PROBLEM TO SOLVE — Only the lines from the top of the records below through the line containing "7 Adımda İngilizce" should be printed, exactly and without pictures.

=== Begin Enclosure ===

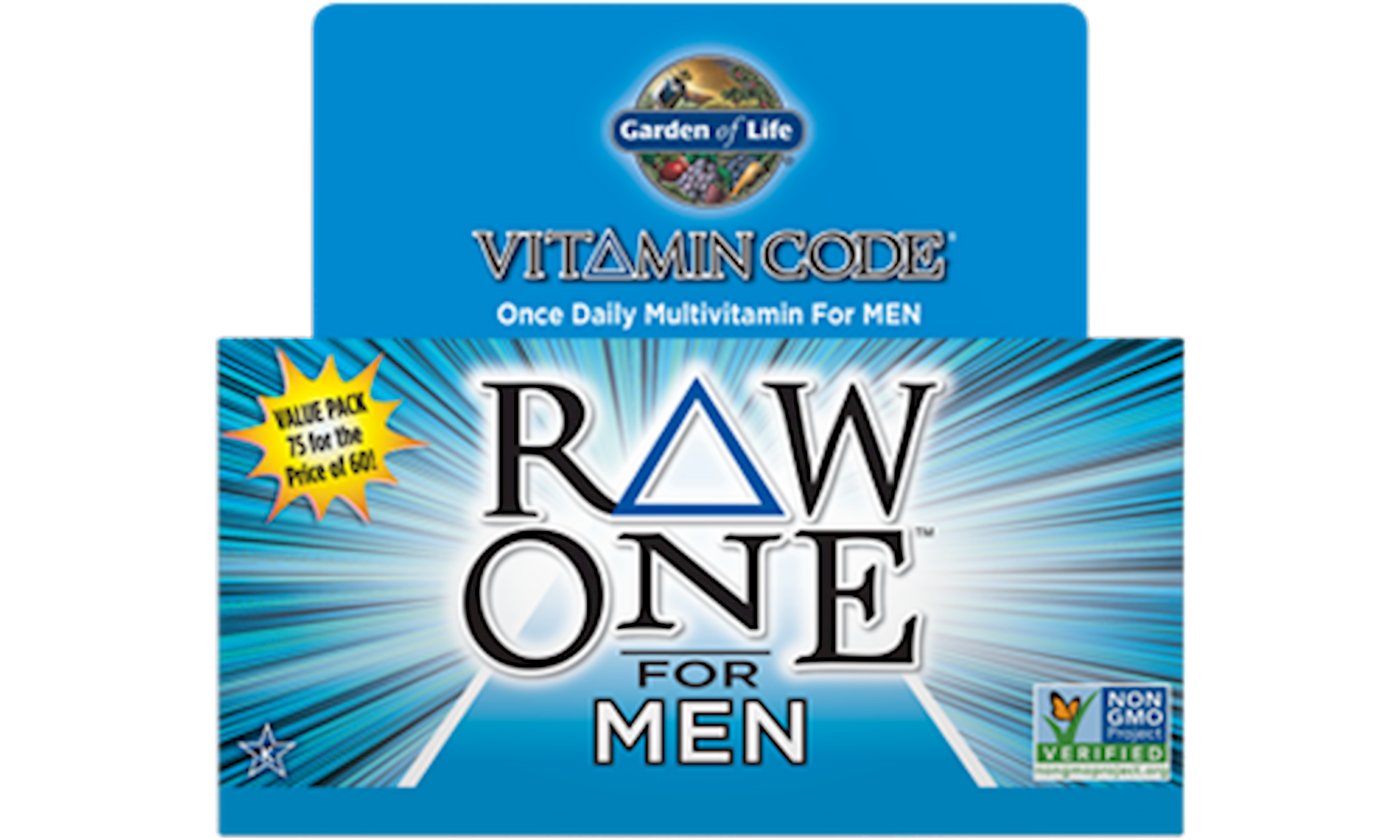 Vitamin Code Raw One for Men 75 vegcaps Curated Wellness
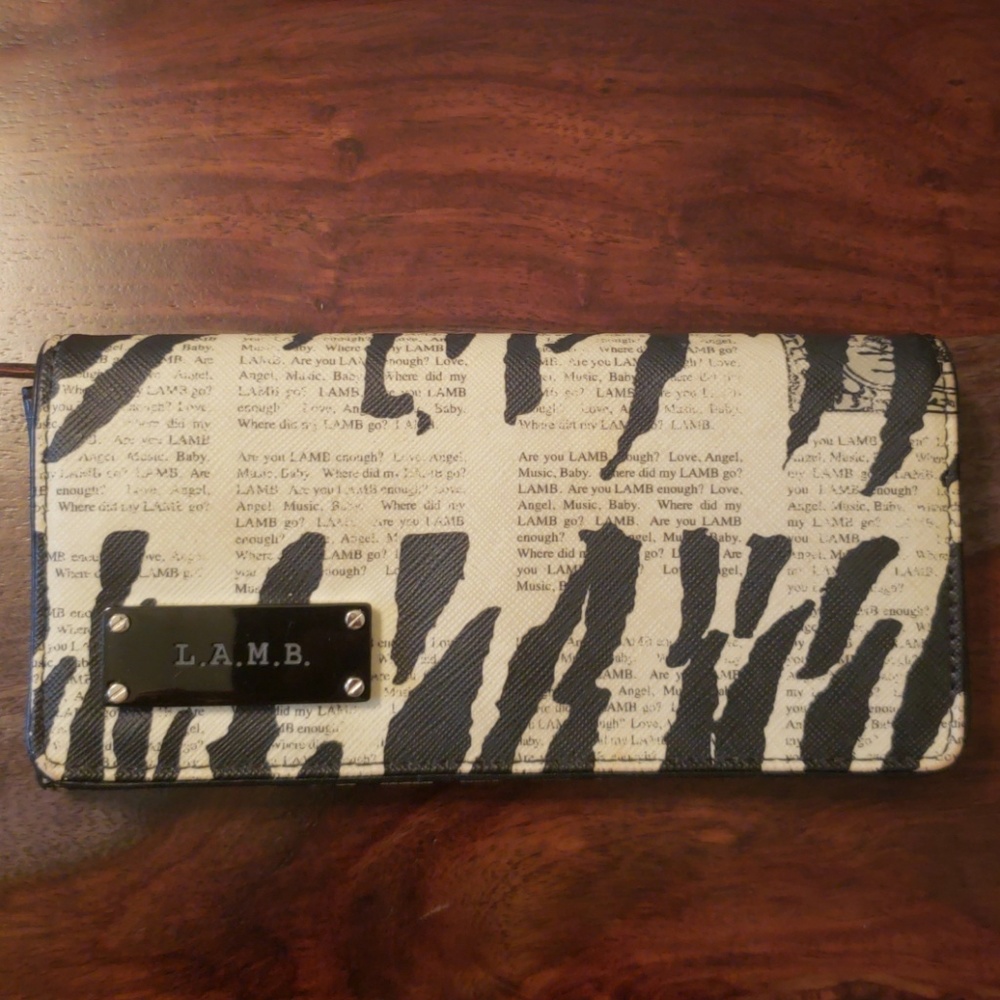 L.A.M.B Gwen Stefani Zebra Wallet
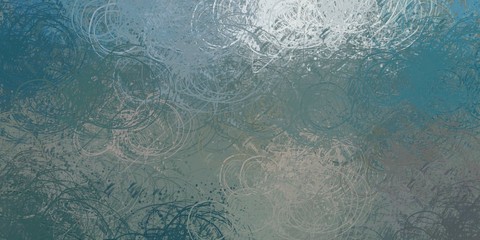 Retro style oil drawing. 2d illustration.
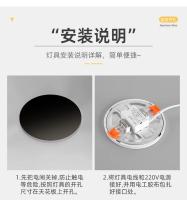 Luz De Panel LED Ultra Delgada Para Techo 50mm-200mm Ajustable Luz De Pared Interior AC85-265V Fuente De Luz LED Material De Aluminio - details 18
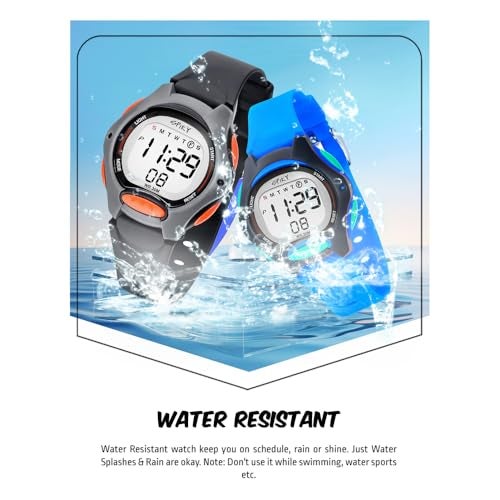 SPIKY Digital Sports Watch for Kids Combo (Black & Blue) | Multifunctional, Luminous Display & Alarm | Water-Resistant & Silicone Strap | Birthday Gift Wrist Watches for Boys & Girls | Age 2-14 Yrs | Pack of 2 - Image 5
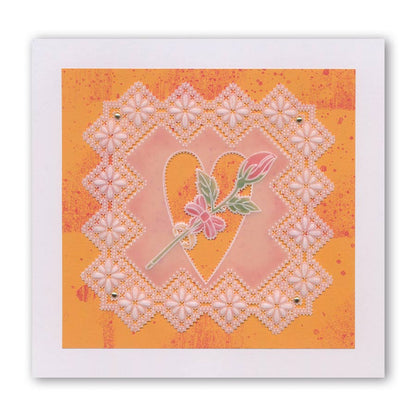 King's Lace Grids A5 Square Groovi Piercing Grids (Straight)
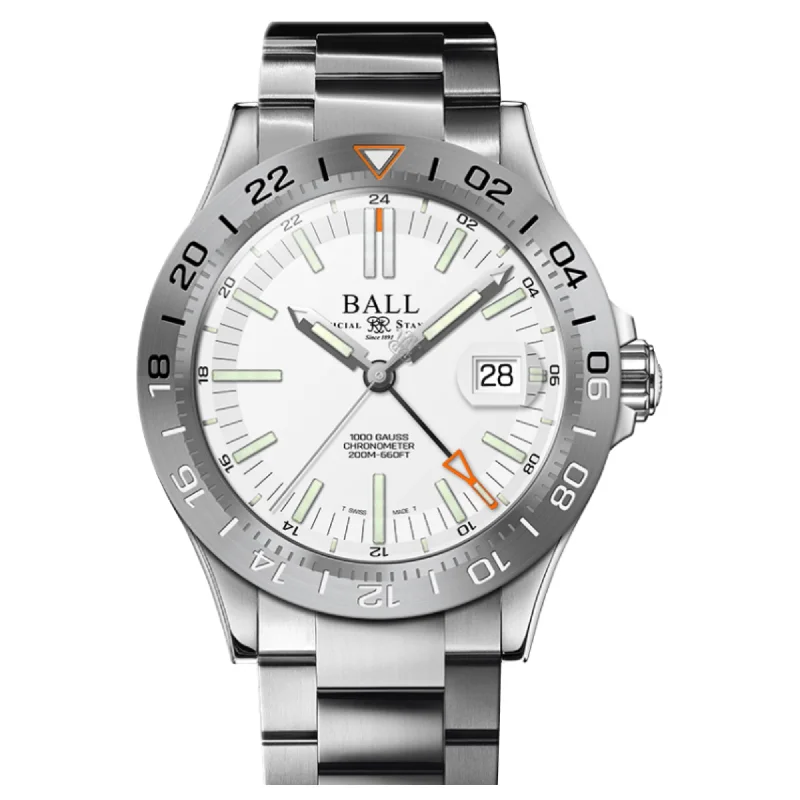 Men's Swiss Autumn Edition-Ball Engineer III Outlier Limited Edition Watch White DG9000B-S1C-WH Men's Swiss Autumn Edition-Ball Engineer III Outlier Limited Edition Watch White DG9000B-S1C-WH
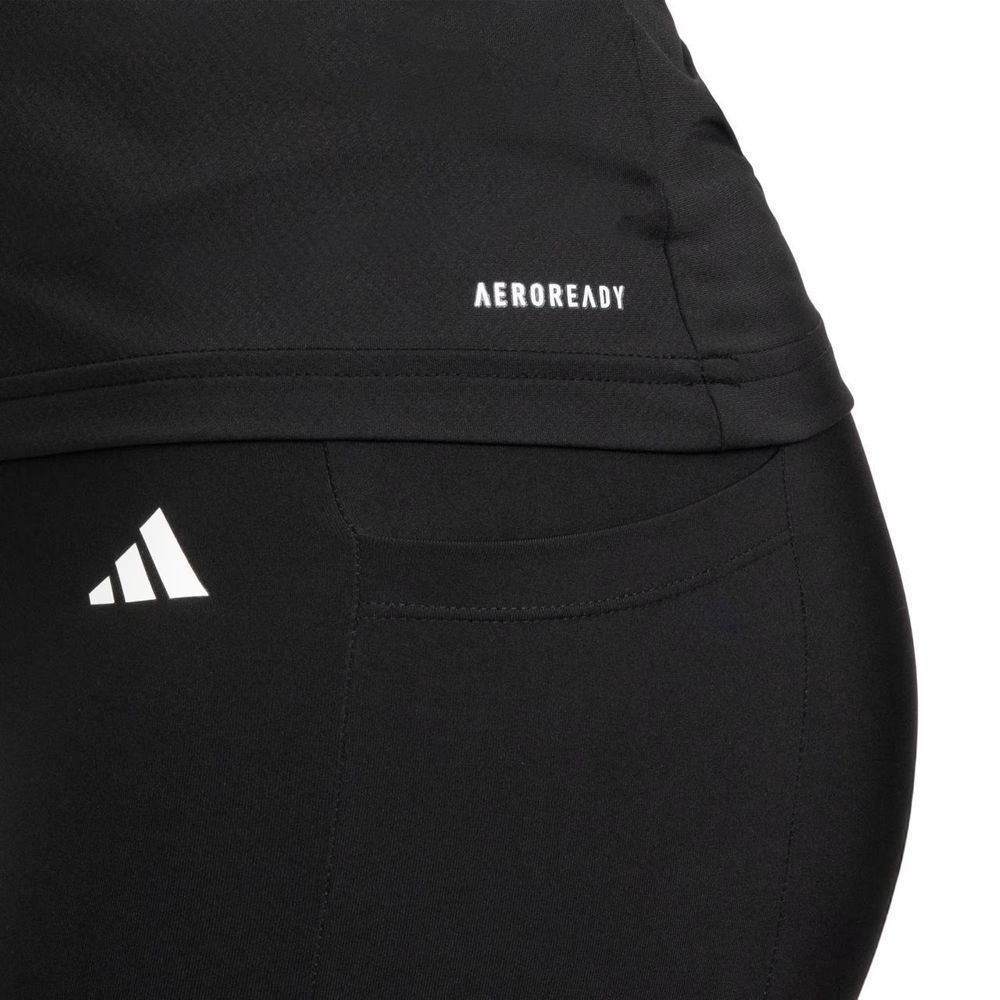 Camiseta Adidas M/C Own The Run 3 Listras Feminina JV6518 Preto 4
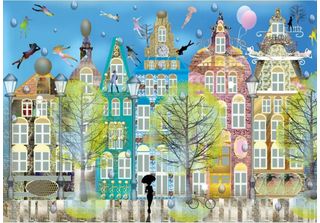 Yazz Puzzle Città Belga 1000 Pezzi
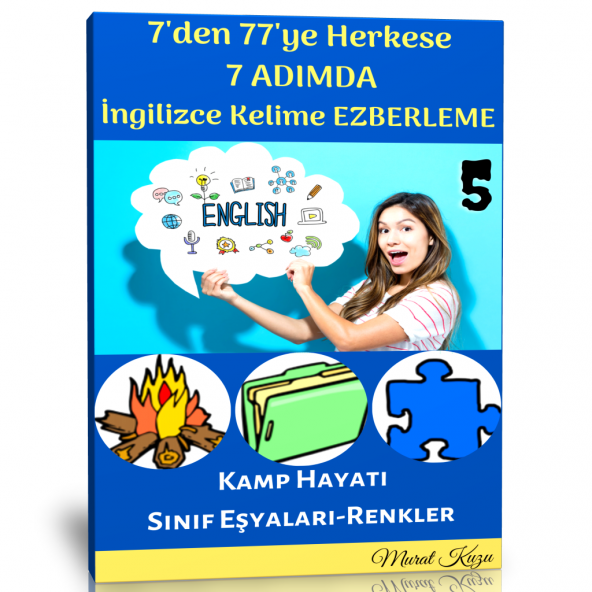 7 Adımda İngilizce Kelime Ezberleme Kitabı-5 ürün görseli 1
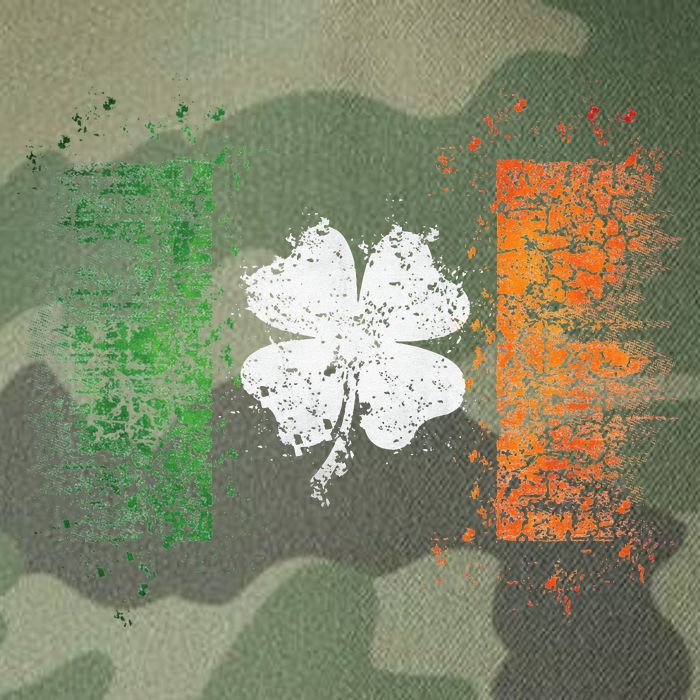 Irish Flag Distressed Shamrock ST Patrick's Day Legacy Tie Dye Trucker Hat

=== End Enclosure ===

ANSWER TO THIS PROBLEM —
 Vitamin Code Raw One for Men 75 vegcaps Curated Wellness
 L.A.M.B Gwen Stefani Zebra Wallet
 Retro style oil drawing. 2d illustration.
 Luz De Panel LED Ultra Delgada Para Techo 50mm-200mm Ajustable Luz De Pared Interior AC85-265V Fuente De Luz LED Material De Aluminio - details 18
 SPIKY Digital Sports Watch for Kids Combo (Black & Blue) | Multifunctional, Luminous Display & Alarm | Water-Resistant & Silicone Strap | Birthday Gift Wrist Watches for Boys & Girls | Age 2-14 Yrs | Pack of 2 - Image 5
 King's Lace Grids A5 Square Groovi Piercing Grids (Straight)
 Men's Swiss Autumn Edition-Ball Engineer III Outlier Limited Edition Watch White DG9000B-S1C-WH Men's Swiss Autumn Edition-Ball Engineer III Outlier Limited Edition Watch White DG9000B-S1C-WH
 Camiseta Adidas M/C Own The Run 3 Listras Feminina JV6518 Preto 4
 Yazz Puzzle Città Belga 1000 Pezzi
 7 Adımda İngilizce Kelime Ezberleme Kitabı-5 ürün görseli 1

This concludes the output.